So Darren Hayman introduces fans to his old band Hefner’s final album on the discography section of his website. Styled at the time as ‘Britain’s biggest small band’, Hefner armed themselves with “broken analogue synthesizers, antique drum machines and battery-powered amplifiers”, and annoyed two thirds of their fanbase, none of whom ever had the chance to come back, as the band broke up a year later.

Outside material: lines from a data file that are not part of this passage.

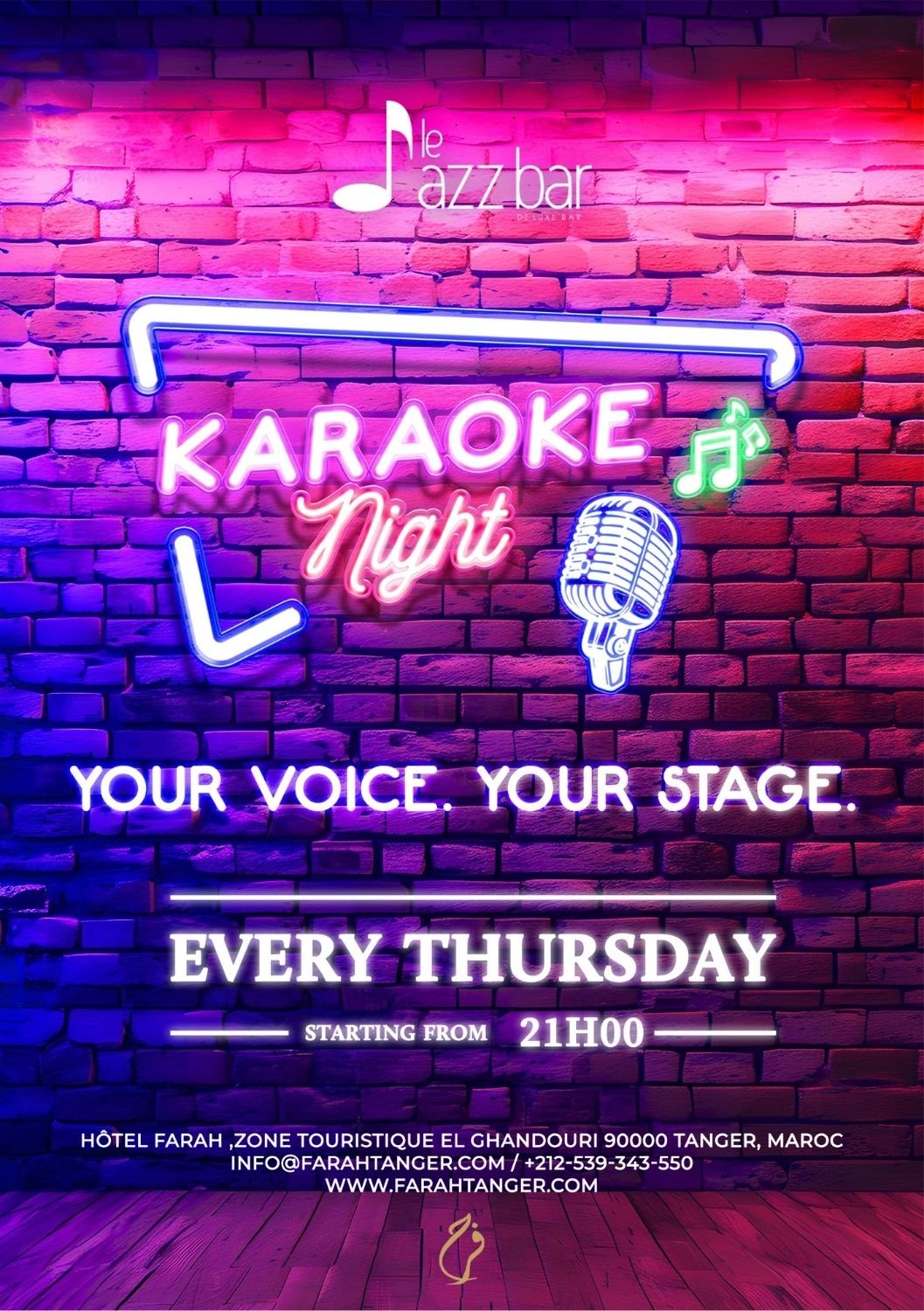 affiche Karaoké Night au Farah Hotel Tanger chaque jeudi au Jazz Bar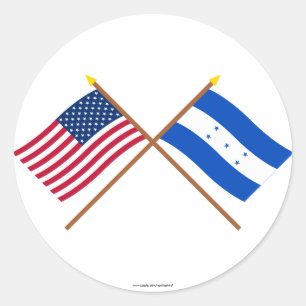 US and Honduras Crossed Flags Classic Round Sticker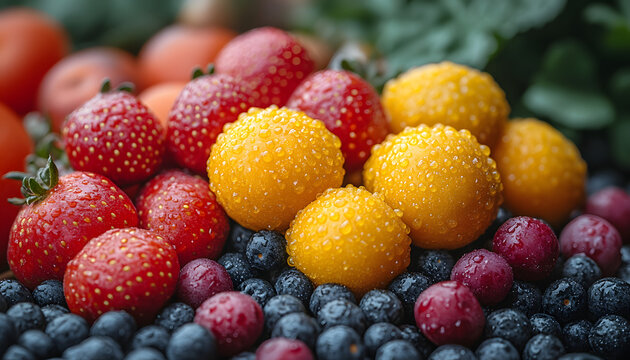 Fresh Blackberries and Raspberries with Water Drops, Colorful Berries and Natural Food Photography 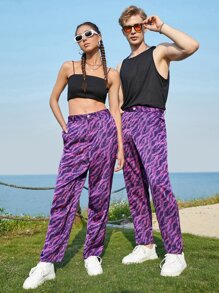 Manfinity 1pc Zebra Striped Print Slant Pocket Trousers - Multicolor - View 6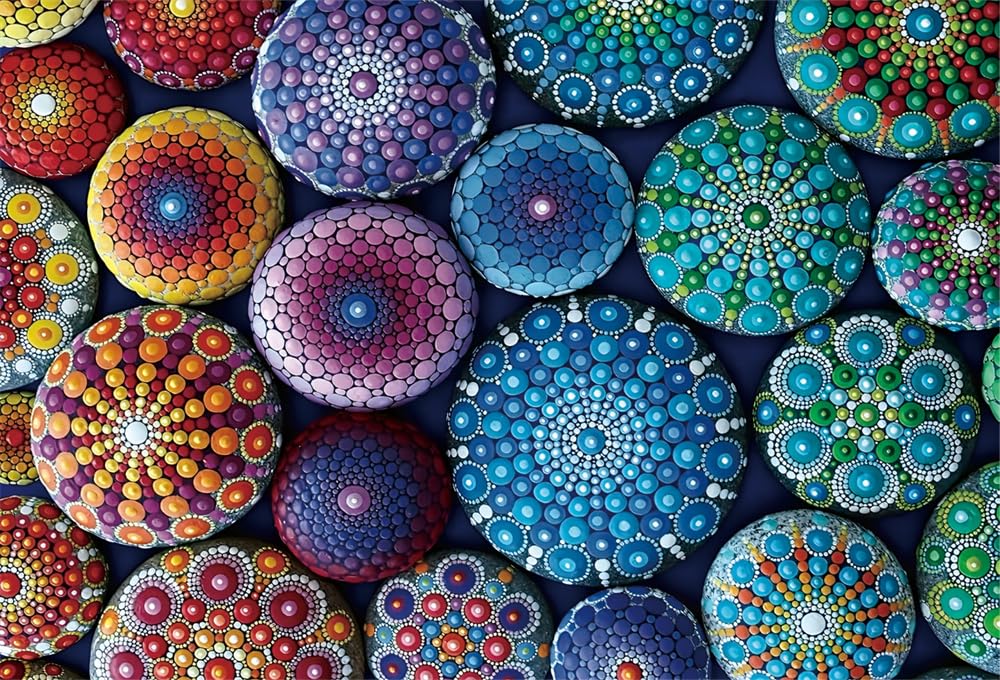 Yiting 1000 Piece Jigsaw Puzzles for Adults, Colorful Gemstones/Christmas/Mandala Flower/12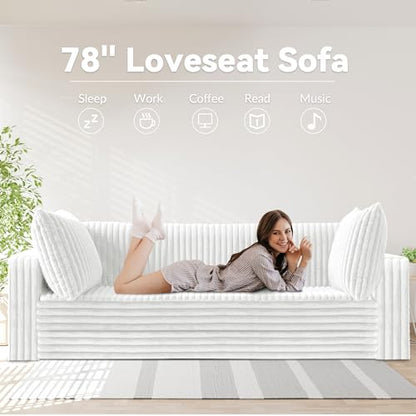 78" Loveseat Boneless Couch,4-in-1 Convertible Sofa Bed | Plush Fur Folding Futon Sofa Bed Couches w/1-Pillow for Living Room,High-Density Foam,No Assembly Required(King Beige) - color: Beige, size: King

I interviewed Darren Hayman, while he was holed up in a self assembled studio in his kitchen, making ‘Dead Media’. He knew then it wouldn’t have the easy appeal of ‘We Love the City’. “I’d like more people to like us, of course, but not at any cost,” he said. “We are currently making our most insular and arrogant record, after our most giving one, so I can honestly say we’re not governed by the bank balance.”
I also asked him how he rated Hefner’s music. If you ask him now, he will tell you that he finds ‘Breaking God’s Heart’, Hefner’s debut, almost impossible to listen to. Then, however, he said “The first album has all this awkward naivety about it and to my ears is quite bizarre, so I guess that remains my favourite.”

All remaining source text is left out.